Esta situação tem como principal responsável os donos da usina de Jirau, o Consórcio formado pela transnacional francesa Suez, pela Camargo Corrêa e pela Eletrosul. As revoltas dos operários dentro das usinas tem sido cada vez mais frequentes e isso é fruto da brutal exploração que estas empresas transnacionais impõem sobre seus trabalhadores.

Há pouco tempo houve revolta na usina de Foz do Chapecó, também de propriedade da Camargo Corrêa, em 2010 houve a revolta dos operários da usina de Santo Antonio e agora temos acompanhado a revolta dos operários da usina de Jirau.
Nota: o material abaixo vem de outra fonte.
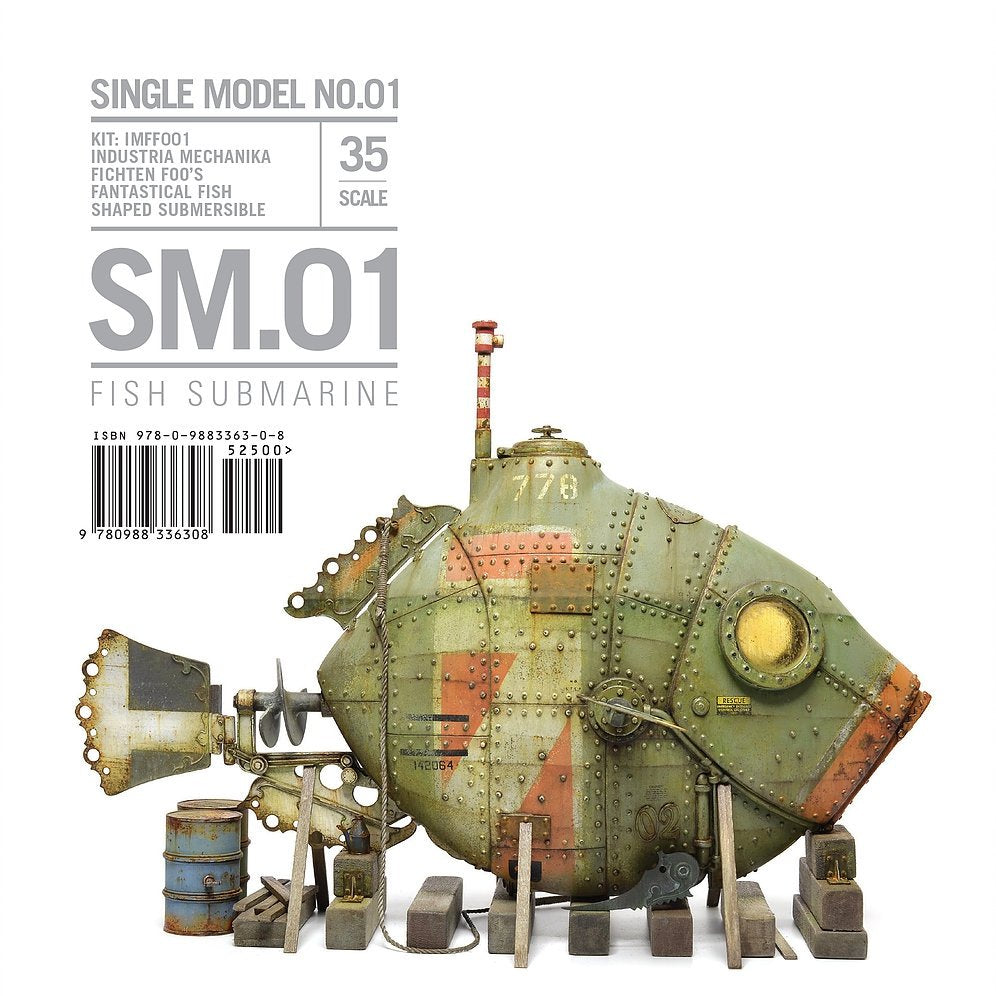 SM.01 Fish Submarine By Michael Rinaldi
As empresas construtoras de Jirau são as mesmas que foram denunciadas em recente relatório de violação de Direitos Humanos, aprovado pelo Governo Federal, que constatou que existe um padrão de violação dos direitos humanos em barragens e de criminalização, sendo que 16 direitos têm sido sistematicamente violados na construção de barragens. Os atingidos por barragens e os operários tem sido as principais vítimas.

A empresa Suez, principal acionista de Jirau, é dona da Barragem de Cana Brava, em Goiás, e Camargo Corrêa é dona da usina de Foz do Chapecó, em Santa Catarina. Essas duas hidrelétricas também foram investigadas pela Comissão Especial de Direitos Humanos em que foi comprovada a violação. Estas empresas tem uma das piores práticas de tratamento com os atingidos e com seus operários.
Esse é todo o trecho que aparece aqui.